Phase 4 (1 programmer agent — sequential, bulk build):

  • Full build_members.py --congress 119 + 10-random smoke test.

Phase 5 (5 parallel programmer agents — one per overlay chart):

  • Each agent implements one of the 5 comparison charts in template/compare.html + adds its render function to app.js. Shared scaffolding (multi-select pills, URL state) implemented by one designated agent first, then the 5 chart agents fork off.

Phase 6 (3 parallel programmer agents):

  • Agent A: build_app.py orchestrator + results/119/README.md with CSP + sandbox snippets.
  • Agent B: CSS namespacing audit + inline-div embed test in a throwaway host page.
  • Agent C: data-base attribute support + iframe embed test + cross-browser smoke (Chrome, Firefox, Safari via headless if available).

Phase 7 (1 programmer agent + 1 PM agent):

  • Programmer: update DOCUMENTATION.md §8, §9, §11.
  • PM (sequential, after programmer): revise PROJECT_SCOPE.md to reflect shipped reality.

Coordination rules

  • Each parallel batch is a single message with multiple Agent tool calls.
  • Each agent prompt MUST cite the plan path (/home/user/polisci/research/PLAN.md) and the specific section/files it owns.
  • Trust-but-verify: after each parallel batch completes, read the actual diffs (not just the agent summaries) before launching the next phase.
  • If a parallel agent's work depends on another's output, escalate to sequential rather than guess.

Critical Files (to be created or modified)
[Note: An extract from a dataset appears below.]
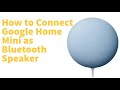 How to Connect Nest Mini as Bluetooth Speaker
  • CREATE: enrich_roster.py, build_members.py, build_app.py, build_all.py, NOTES.md, .env, .gitignore, template/app.html, template/compare.html, template/app.js, template/app.css, template/vendor/{chart,sortable}.min.js, tests/test_analyze.py, tests/fixtures/*.xml, results/119/README.md, research/PLAN.md (copy of this plan)
  • MODIFY: DOCUMENTATION.md (§2 redact key, §8 file layout, §9 regen commands, §11 change-log), parse.py (add upstream-string validation + merge with members_directory.json), PROJECT_SCOPE.md (PM agent owns this)
  • DELETE (after Phase 3 gate): legacy/

Reused Existing Code

  • analyze.py (aggregate, classify_vote, _norm_vote, _majority_position, LONE_WOLF_THRESHOLD) — unchanged; consumed by build_members.py in worker processes.
  • parse.py schema (chamber-unified votes.jsonl + roster.json) — consumed unchanged.
  • legacy/*.html rendering logic for KPI cards, the 5 chart types, the sortable/filterable table — port to vanilla JS in template/app.js with innerHTMLtextContent substitution for upstream strings.
  • DOCUMENTATION.md §6 (Classification) and §10 (Limitations) — referenced from dashboards; not duplicated.